My premiere delve into D&D occurred when I was ten years old. My father, an avid D&D Player and Dungeon Master during the RPG's earliest years, ran a short adventure for my brother and I after we showed interest in the game: The Burning Plague. I played a kobold sorcerer named Meeko the Outcast, saved by my younger brother's wood elf ranger. Together, we saved an endangered village from a dastardly orc shaman who poisoned its water supply. The mini-quest hooked me.

There was a small stretch of time during which I did not play. During summer, my friends and their parents would come over and we would roll some dice, but we did not play consistently. I tried my hand behind the screen once or twice during that period, but never experienced a perfect storm of inspiration and insight. Instead, a sparse D&D schedule was the norm and I adventured in games like Neverwinter Nights and Dungeons & Dragons Online. On disconnected days, I read D&D sourcebooks older than I was.

Then, fifth edition D&D released and everything changed.
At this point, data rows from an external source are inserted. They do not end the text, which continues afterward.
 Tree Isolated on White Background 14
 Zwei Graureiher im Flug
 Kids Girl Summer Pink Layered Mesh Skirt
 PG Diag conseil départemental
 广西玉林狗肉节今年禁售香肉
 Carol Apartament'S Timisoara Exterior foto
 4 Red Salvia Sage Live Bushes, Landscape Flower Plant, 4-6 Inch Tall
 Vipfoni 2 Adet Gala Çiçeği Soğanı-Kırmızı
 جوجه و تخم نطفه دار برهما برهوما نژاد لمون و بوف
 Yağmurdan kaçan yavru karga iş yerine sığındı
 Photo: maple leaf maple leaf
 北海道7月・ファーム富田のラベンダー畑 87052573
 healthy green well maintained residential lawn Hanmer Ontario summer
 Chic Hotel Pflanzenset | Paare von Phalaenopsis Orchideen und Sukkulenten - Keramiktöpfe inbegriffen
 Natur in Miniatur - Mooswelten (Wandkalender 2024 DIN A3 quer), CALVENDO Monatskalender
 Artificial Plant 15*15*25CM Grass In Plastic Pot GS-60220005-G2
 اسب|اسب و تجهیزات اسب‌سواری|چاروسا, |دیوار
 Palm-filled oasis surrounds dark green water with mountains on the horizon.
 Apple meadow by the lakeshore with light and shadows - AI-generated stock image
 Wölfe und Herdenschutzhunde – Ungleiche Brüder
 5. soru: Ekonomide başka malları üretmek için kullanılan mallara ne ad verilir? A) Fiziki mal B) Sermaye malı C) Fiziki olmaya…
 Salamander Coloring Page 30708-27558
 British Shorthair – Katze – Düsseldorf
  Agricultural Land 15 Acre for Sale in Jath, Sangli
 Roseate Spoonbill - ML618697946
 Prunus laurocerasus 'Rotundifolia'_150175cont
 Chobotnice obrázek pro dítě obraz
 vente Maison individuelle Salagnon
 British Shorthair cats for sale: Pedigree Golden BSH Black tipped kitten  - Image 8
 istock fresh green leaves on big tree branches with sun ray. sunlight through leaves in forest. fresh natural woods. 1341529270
The new edition's release conjured up the perfect storm I was searching for in years prior. As soon as the Player's Handbook hit the shelves, I rushed to buy it. Soon after, I purchased Hoard of the Dragon Queen. That very same day, I contacted all my childhood D&D pals and asked them to play D&D that night; they accepted my offer. We played that initial leg of Hoard of the Dragon Queen and almost every week since, I have played D&D.

In the present, I have a wealth of knowledge and a mountain of experience. Under my belt are multiple homebrew campaigns, hundreds of pages of lore & D&D scripture (sourcebooks!), and ever-changing opinions on the game. Right now, I am running two campaigns: one weekly for my friends & a few family members, one monthly for my close family. Over the years, I have introduced a plethora of new folks to D&D and even inspired them to build their own adventures, through RJD20 and my own campaigns.

A Final Note

The campaigns I create are of my own design, occurring in my homegrown world of Eldar. Of course, I borrow and steal the amazing content of Wizards of the Coast and other spectacular worldbuilders and Dungeon Masters, but molding the plots, characters, and locations on my own gives me an indescribable feeling. When I play in, write about, or build D&D content, this euphoric sensations amplifies tenfold. On RJD20.com and beyond, I hope to spread this feeling to Dungeon Masters, Players, and Worldbuilders across the globe.

First time reading RJD20? Begin here, subscribe to my weekly newsletter, and join the discussion in the comments below.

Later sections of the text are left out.